*** EXERCISE DATA Section Begins ***

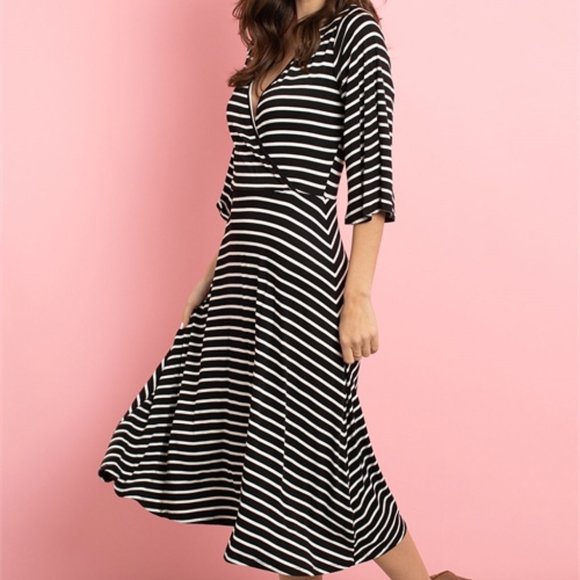 Black & white stripe dress - Picture 5 of 10
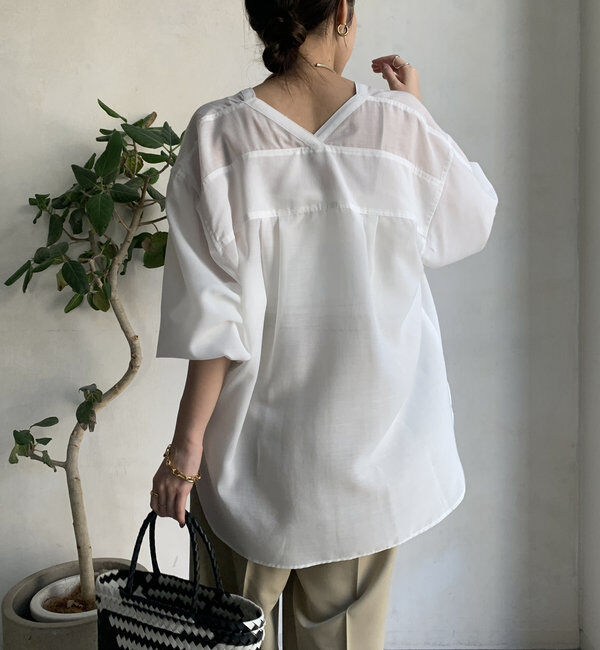  「【新色追加】GOLDボタンVVシャツ」|シャツ・ブラウス|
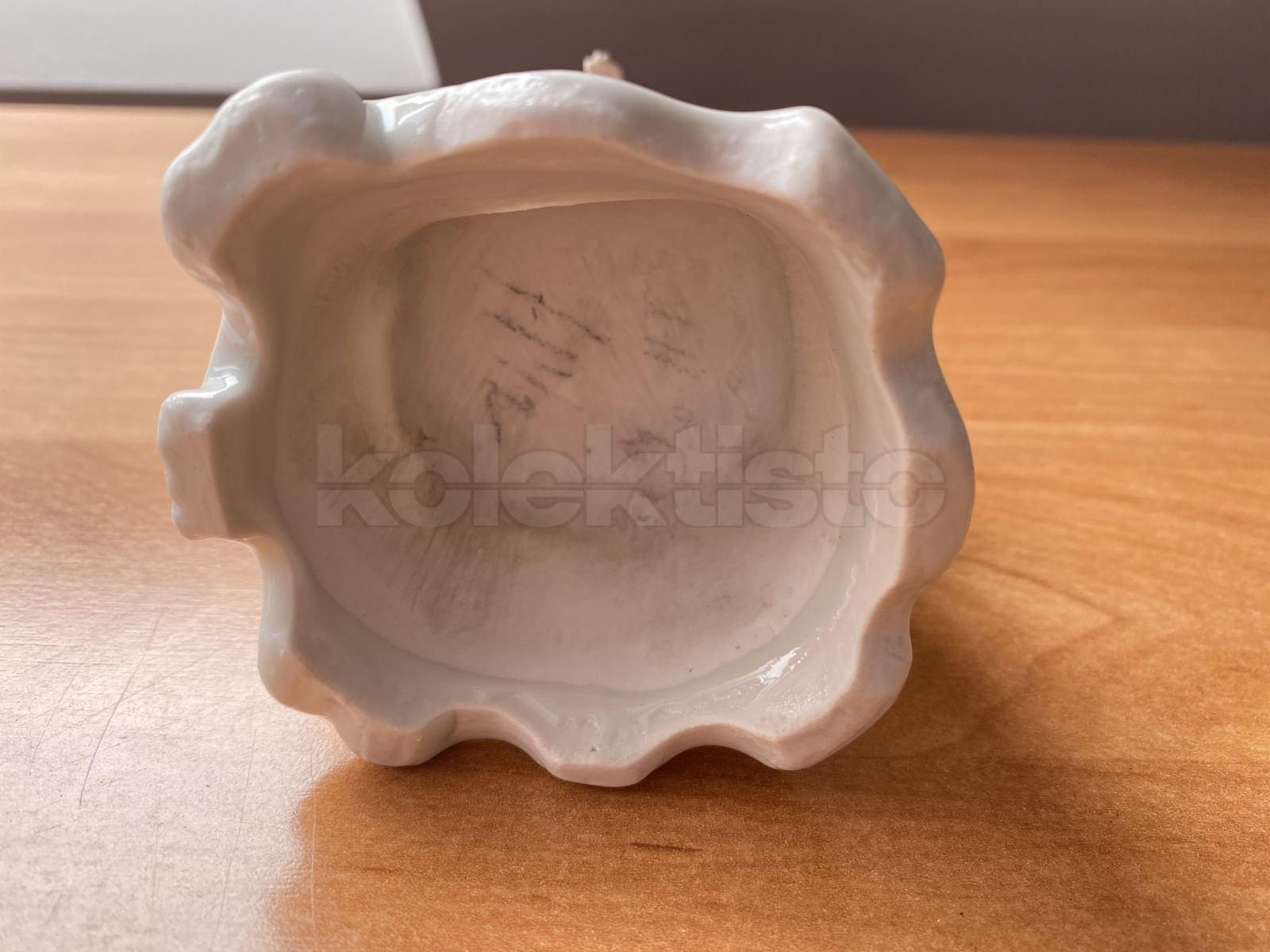 Porcelánová soška kavalíra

*** EXERCISE DATA Section Ends ***

TASK REQUIREMENTS: The whole listing above needs to be copied exactly; please keep the pictures out.

WRITTEN ANSWER:
 Black & white stripe dress - Picture 5 of 10
  「【新色追加】GOLDボタンVVシャツ」|シャツ・ブラウス|
 Porcelánová soška kavalíra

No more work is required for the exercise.